La bella estrella
Si dibujásemos con tinta china y un tiralíneas hasta dónde han llegado las personas que hemos conocido durante toda nuestra vida, y trazásemos esas relaciones en un mapamundi, como un proyecto de Land Art, el gráfico resultante sería una telaraña envolviendo el mundo. Una red de recuerdos, una bola esférica de nervaduras sociales, la amistad en tachuelas rojas en multitud de ciudades y países, si es que hemos tenido la suerte de conocer gente. No sé por qué, ahora me acuerdo de Karim Rouhani y Moustafá Ramezani. Eran iraníes. Habían salido pitando de su país cuando lo de Jomeini. Dibujaban caricaturas en la Gran Plaza de Aviñón, cerca del Palacio de los Papas.

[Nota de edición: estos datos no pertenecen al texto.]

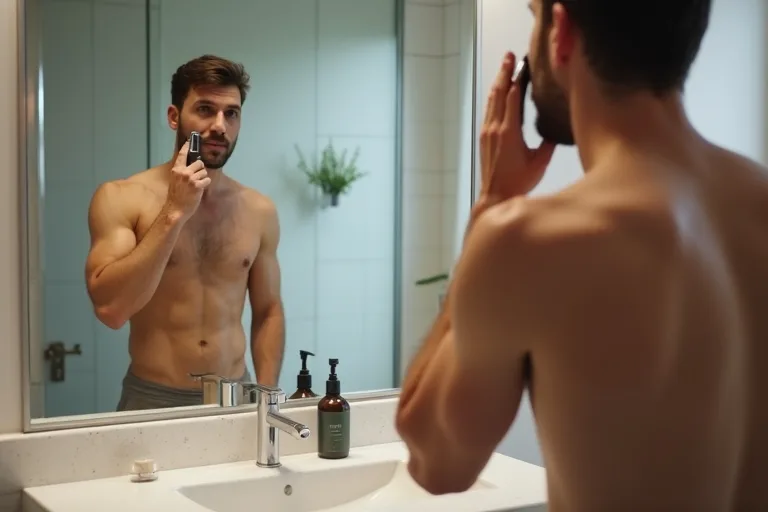 Philips OneBlade för män: rakningsrutin som minskar irritation 3 Rakningsrutin för känslig hud med Philips OneBlade efter dusch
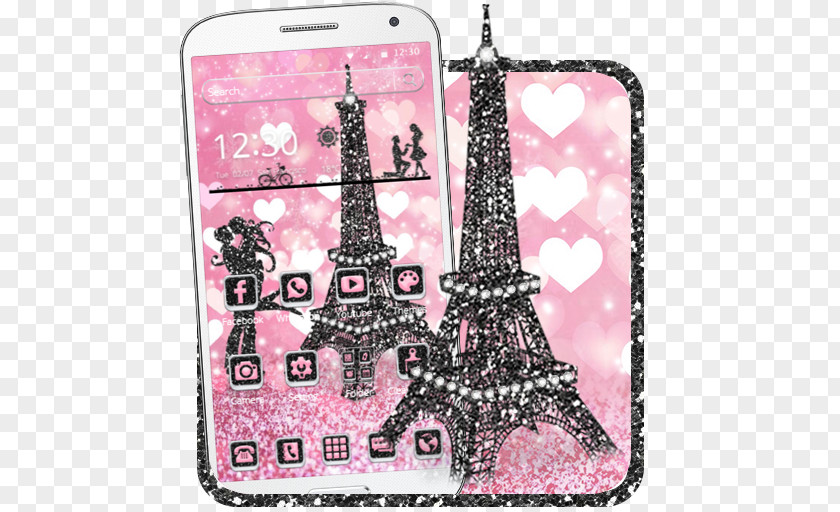 Eiffel Tower Stencil Pink M Font Mobile Phone Accessories Phones IPhone PNG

Les conocí de una forma extraña. Cuando paseaba por la citada plaza de Aviñón junto con Regis, un amigo pintor, y dos amigas más, encontré una gruesa cartera llena de dinero en el suelo. Cuando la recogí, oí unos gritos, y vi a dos tipos con aspecto árabe caminar hacia mí. Ya creía que me iban a acusar de ladrón, y estaba dispuesto, si era necesario, a poner los pies en polvorosa, cuando mi amigo soltó una carcajada. Los hombres le dieron un abrazo y estrecharon mi mano. Nos habían visto llegar, y habían arrojado la cartera al suelo. Una forma como otra cualquiera de hacer que nos detuviésemos.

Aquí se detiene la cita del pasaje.